In 2025, millions of Canadians are keeping a close watch on news about possible changes to the retirement age. Rumours of the Canada Revenue Agency (CRA) and Service Canada pushing the standard age from 65 to 67 have stirred uncertainty among seniors and future retirees. While no official change has been confirmed, the discussions highlight the importance of understanding how Canada Pension Plan (CPP) and Old Age Security (OAS) work—and what retirement planning looks like under current rules.
This article explores the facts, dispels myths, and explains how these updates might affect Canadians’ financial planning, employment decisions, and eligibility for benefits.
Current Retirement Benefits in Canada

Canada Pension Plan (CPP) Basics
The Canada Pension Plan (CPP) is a contribution-based retirement program funded through payroll deductions.
- Normal retirement age: 65
- Early retirement: As early as 60, though benefits are reduced permanently.
- Delayed retirement: Up to 70, with increased monthly payouts.
- Disability and survivor benefits: Also provided under CPP, with income-tested criteria.
This flexibility allows Canadians to choose their retirement timing based on financial needs and health.
Old Age Security (OAS)
Unlike CPP, OAS is funded from general tax revenue and is not contribution-based.
- Available to seniors aged 65 and older.
- Requires at least 10 years of residency in Canada after age 18 for a partial pension.
- Requires 40 years of residency for a full pension.
- Eligibility also ties into the Guaranteed Income Supplement (GIS) for very low-income seniors.
OAS ensures a basic income floor for all seniors, regardless of their work history.
Proposed Retirement Age Changes – Rumours and Realities
The Source of the Confusion
Reports suggesting that the retirement age could increase to 67 have circulated widely. The reasoning often ties to:
- Canadians’ longer life expectancy,
- Rising costs of pension sustainability, and
- Calls to align Canada’s retirement age with trends in other countries.
Official Position in 2025
- As of now, no change has been made.

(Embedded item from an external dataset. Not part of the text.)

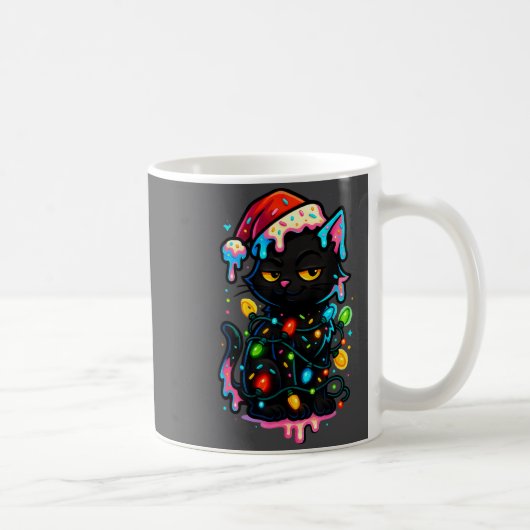 Black Cat Christmas Ice Cream Drip Santa Hat Cute Koffiemok (Rechts)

Canadians remain eligible for:
- CPP between ages 60–70,
- OAS at age 65.
- Partial OAS pensions remain available for those with less than 40 years of residency.
- Policymakers may explore adjustments in the future, but any confirmed increase will be announced well in advance.

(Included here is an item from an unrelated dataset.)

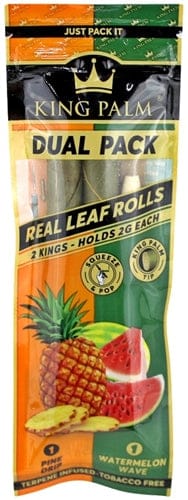 King Palm Dual Pine Drip Watermelon Wave - 2x20pk - King Size Rolls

How Retirement Age Affects Canadians
Financial Planning Implications
The decision to retire early, on time, or late directly impacts monthly income.
- Taking CPP at 60: Means smaller, reduced payments for life.
- Delaying CPP to 70: Results in higher monthly payouts, which helps offset inflation.
- OAS Deferral: Delaying OAS beyond 65 also increases payments.
Seniors who depend on GIS should carefully manage income thresholds, since higher income can reduce GIS eligibility.
Employment Choices
- Canadians near retirement may decide to work longer to build savings and qualify for higher CPP benefits.
- Employers must adapt policies to assist workers with extended careers.
- Workforce participation among older Canadians may rise if retirement ages are adjusted in the future.
Impact on Benefits
Changes in retirement age could affect linked benefits:
- GIS and Allowances: May be reduced if income levels rise.
- Veterans’ pensions and federal allowances: Could shift eligibility timelines indirectly.
Planning Ahead – Practical Steps for Canadians
Use Official Tools
- CPP Retirement Calculator: Helps estimate benefits based on planned retirement age.
- OAS Estimator: Shows partial vs. full pension amounts depending on residency.
Keep Records Updated
- File taxes on time.
- Maintain accurate banking and personal information with Service Canada.
- Track marital status and income to ensure correct benefit payments.
Monitor Policy Updates
- Stay alert for official government announcements.
- Be cautious about rumours spread on social media.
Consider Income Thresholds
- Plan withdrawals and benefits carefully to avoid OAS clawbacks.
- For GIS recipients, manage taxable income to maintain eligibility.
Key Takeaways for 2025
- No official increase to retirement age has been implemented yet.
- CPP remains flexible between ages 60–70.
- OAS remains payable from age 65.
- Rumours of retirement at 67 are speculation only.
- Planning early is crucial, as retirement choices affect income for life.
FAQs – Canada Retirement Age 2025
Q1: Has the retirement age in Canada officially increased to 67?
No. As of 2025, the retirement age remains 65 for OAS and 60–70 for CPP, depending on when you choose to apply.
Q2: Can I take CPP before age 65?
Yes. You can take CPP as early as age 60, but your payments will be reduced permanently.
Q3: What happens if I delay my CPP or OAS benefits?
Delaying benefits increases your monthly payment. CPP can grow significantly if taken at 70 instead of 60.
Q4: How many years do I need in Canada to qualify for OAS?
At least 10 years for a partial pension and 40 years for a full pension.
Q5: Should I plan for a possible retirement age increase in the future?
Yes. While no change is official, policymakers may consider gradual increases in the future. It’s wise to monitor updates and adjust your financial planning accordingly.